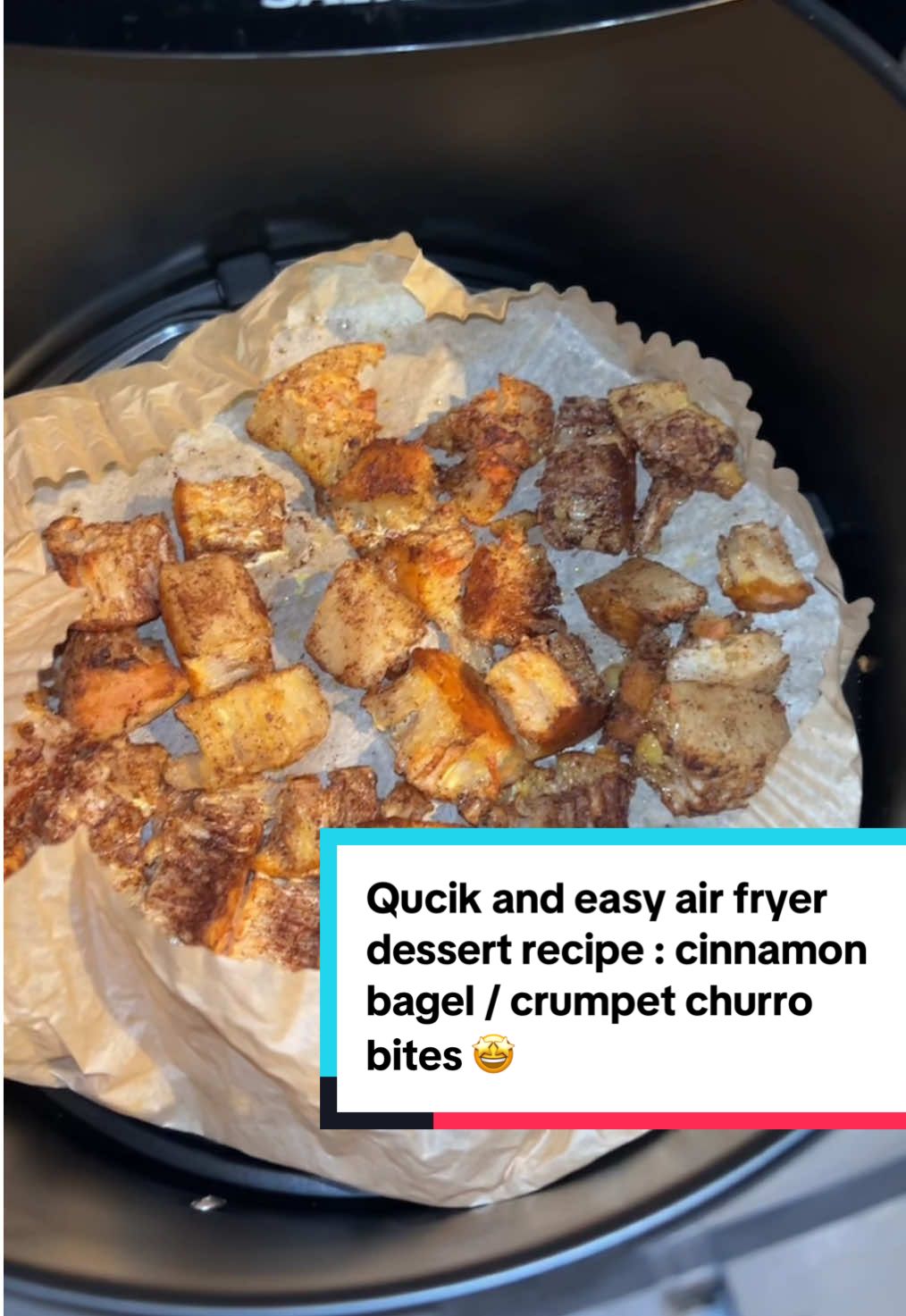 #stitch with @Islam cinnamon bagel churro bites but crumpet edition… 🤩 #airfryer #airfryerrecipes #easy #EasyRecipe #easyairfryerrecipes #quick #quickairfryer #dessert #cinnamon #bagel #crumpet #bagelchurrobites quick and easy air fryer recipes , quick air fryer dessert , cinnamon , churros , air fryer bagel churro bites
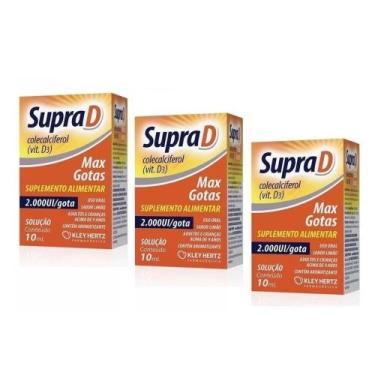 Imagem de Leve 3 Pague 2 Vitaminas Supra D Max 2000Ui Por Gota 10ml - Kley Hertz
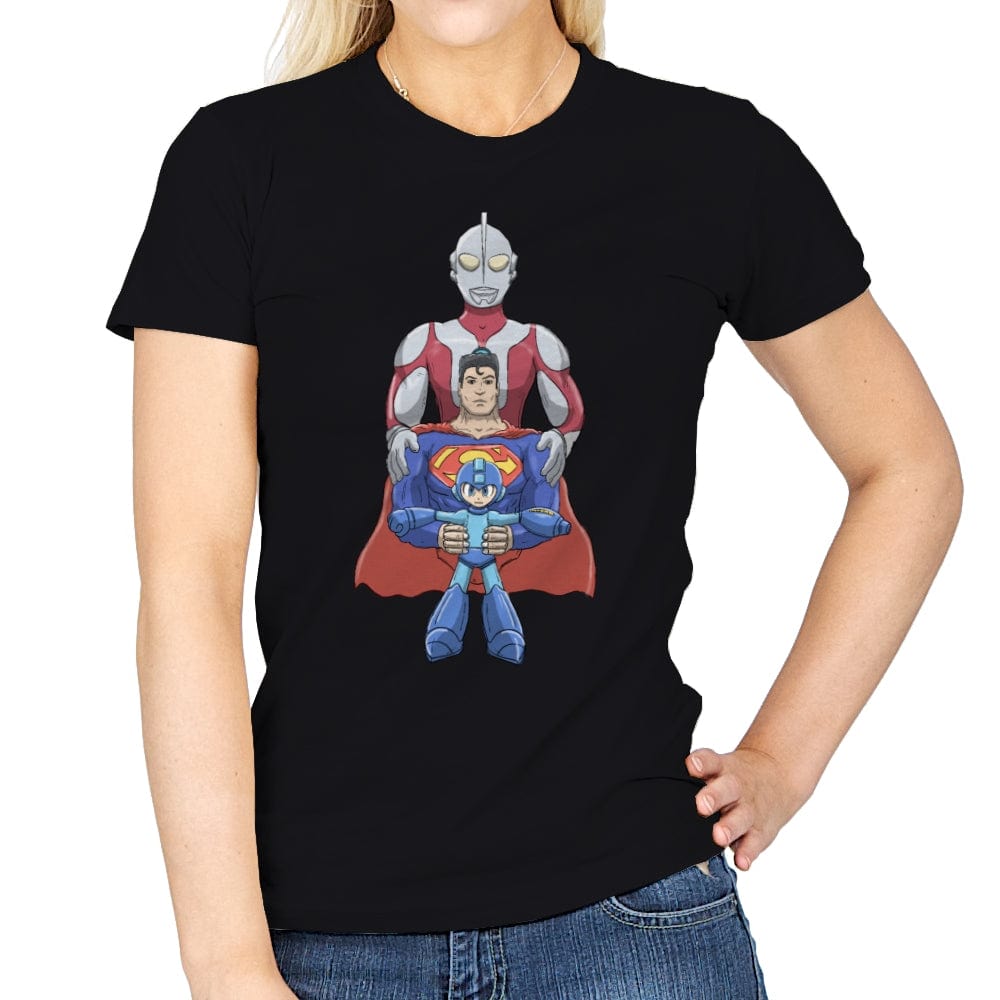 Ultra Super Mega - Womens T-Shirts RIPT Apparel Small / Black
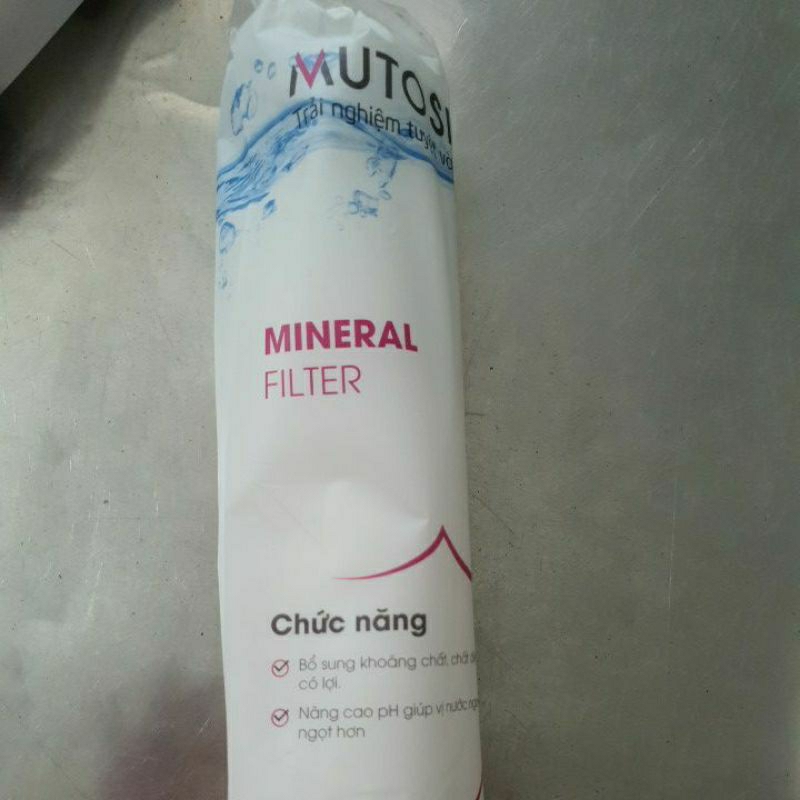 Trọn bộ Combo 4 lõi khoáng Mutosi 5678 - Hàng chính hãng - Dùng thay thế cho máy lọc RO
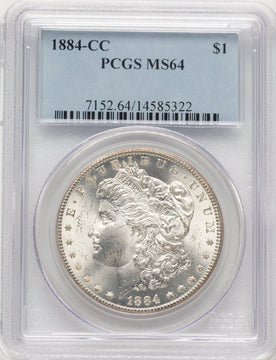 1884-CC Morgan Dollar PCGS MS64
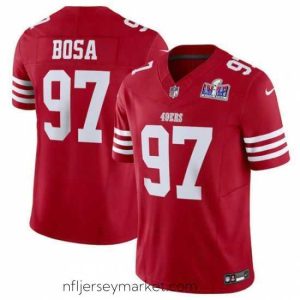 Luxurious San Francisco 49ers 97 Nick Bosa Red 2023 F.U.S.E  Vapor Untouchable Limited Stitched Football 2024 Super Bowl LVIII Jersey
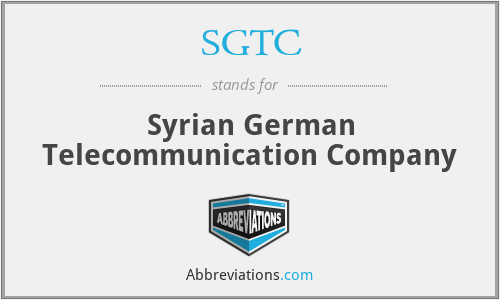SGTC - Syrian German Telecommunication Company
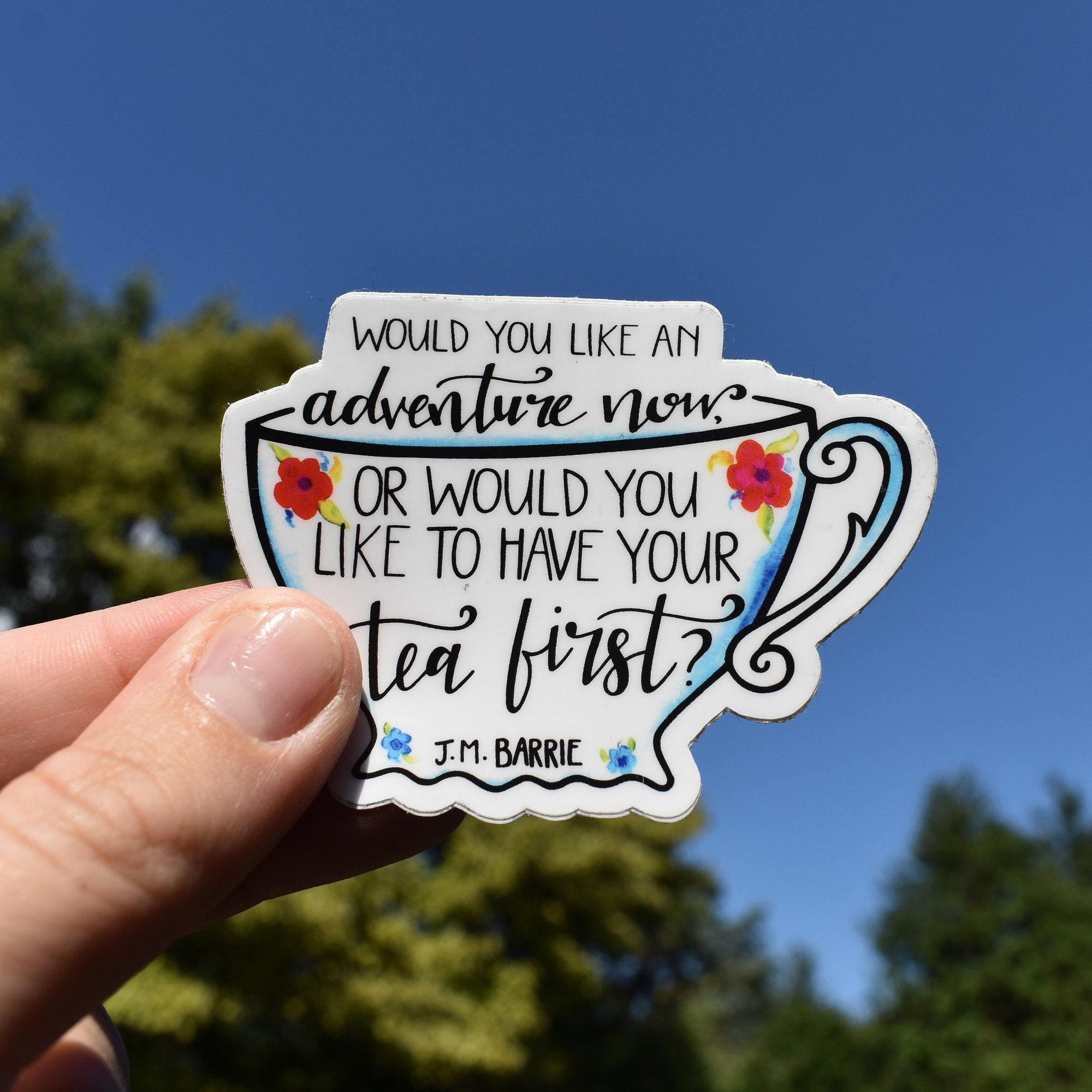 Adventure Now or Tea First Peter Pan Waterproof Vinyl Decal Sticker for  Laptop Water Bottle - Etsy, image size:2000x2000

## WHAT THE EXERCISE ASKS
Each record above is to be returned unchanged, while any picture it holds stays out.

## FINAL ANSWER
 #stitch with @Islam cinnamon bagel churro bites but crumpet edition… 🤩 #airfryer #airfryerrecipes #easy #EasyRecipe #easyairfryerrecipes #quick #quickairfryer #dessert #cinnamon #bagel #crumpet #bagelchurrobites quick and easy air fryer recipes , quick air fryer dessert , cinnamon , churros , air fryer bagel churro bites
 Imagem de Leve 3 Pague 2 Vitaminas Supra D Max 2000Ui Por Gota 10ml - Kley Hertz
 Ultra Super Mega - Womens T-Shirts RIPT Apparel Small / Black
 Trọn bộ Combo 4 lõi khoáng Mutosi 5678 - Hàng chính hãng - Dùng thay thế cho máy lọc RO
 1884-CC Morgan Dollar PCGS MS64
 Luxurious San Francisco 49ers 97 Nick Bosa Red 2023 F.U.S.E  Vapor Untouchable Limited Stitched Football 2024 Super Bowl LVIII Jersey
SGTC - Syrian German Telecommunication Company
 Adventure Now or Tea First Peter Pan Waterproof Vinyl Decal Sticker for  Laptop Water Bottle - Etsy, image size:2000x2000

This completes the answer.